● WHAT TO PRODUCE: For this exercise, copy exactly every line from the one holding "Caulophyllum thalictroides - Colosh bleu" through the end of the data, both included. Omit pictures.

● DATASET EXCERPT:
- Opening Delimiter -

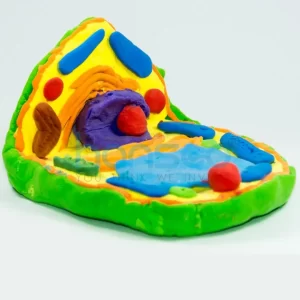 Animal Cell Model - Zoology Anatomy Model - Hansco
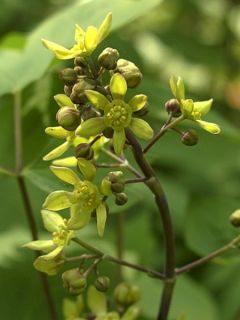 Caulophyllum thalictroides - Colosh bleu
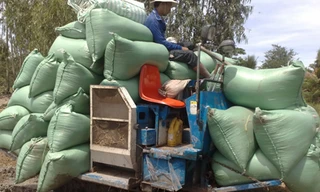 Những cánh đồng không có con đường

- Closing Delimiter -

● RESPONSE AREA:
 Caulophyllum thalictroides - Colosh bleu
 Những cánh đồng không có con đường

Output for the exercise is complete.